Politics

Politics isn’t really about personalities. They’re just the puppet show. And politics isn’t really about ideas either, or not in the way some people seem to think. It’s about alliances. It’s about putting together coalitions of different classes or interest groups. Each group has its own ideas, its own story it tells itself, and the trick is to find some overarching idea or story which connects with enough of these different stories to allow a variety of groups to buy into it.

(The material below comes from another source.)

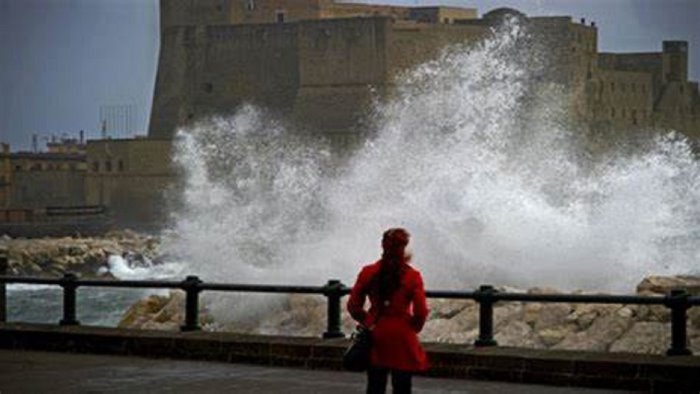 meteo scatta l allerta in campania per vento forte e mare agitato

Historically in Britain, the Labour Party managed to be the titular party of the industrial working class but also the party of an important section of the professional middle classes, the delicado class as I have called them*. (The Democratic Party in America managed a similar alliance in the twentieth century, though it has presided over many different groupings in its two hundred year history). This is not to say that the delicados and the industrial working class see the world in the same way -they obviously don’t- or that they have the same priorities or the same values, but they had enough common interests and common enemies to make it possible to construct a story that both could buy into. It was a story, I suppose, about using the state to make society fairer, and to reduce the power of inherited privilege, which had an appeal to both these groups, though for different reasons.

I would say the last flowering of this alliance in the case of the Labour Party was the Blair era. Blair was able to draw in a substantial number of new middle class voters who had previously voted Tory, while still retaining the traditional industrial working class vote. (My feeling is that he didn’t actually earn the latter, but was able to benefit from historical loyalties which had yet to fade.)

I think recent electoral politics in Britain have shown that this old alliance no longer holds. In Scotland, Labour has been displaced as the dominant party by the SNP (I don’t know enough about Scotland to understand the alliance which this represents, but clearly it has drawn support from both of Labour’s traditional constituencies). In England, the Brexit vote and the recent election show that Labour can no longer take for granted the support of the voters it was originally set up to represent. The Conservatives have managed to find a story -and like the SNP’s, it is a story about nationhood and independence- which suits many of these voters better. A new alliance is forming between the non-delicado section of the middle class, and the old working class.

If we see politics as just being about ideas, and we are convinced that our idea is simply ‘right’ (as opposed to being the story our particular grouping prefers), we don’t respond effectively to the loss of an ally, because we conclude that our former ally is mistaken, or misled, or no longer worthy of us. And so we keep plugging away at the same idea, waiting for others to see the error of their ways, when the fact is that our story simply doesn’t appeal to enough people. No group can expect to have things exactly the way it wants. We need a new idea.

It seems to me that the political ‘right’ (I actually hate the lazy simplification that divides politics into ‘the Left’ and ‘the Right’ but I’ll use it here for brevity), understands this at the moment better than the political ‘left’. You need to find out what different sections of the population want, not just in a practical sense (jobs, public services etc), important though that is, but in the sense of symbols and stories, and you have to deliver enough of what people want to make them feel like joining, or remaining part of, your alliance.

*See America City.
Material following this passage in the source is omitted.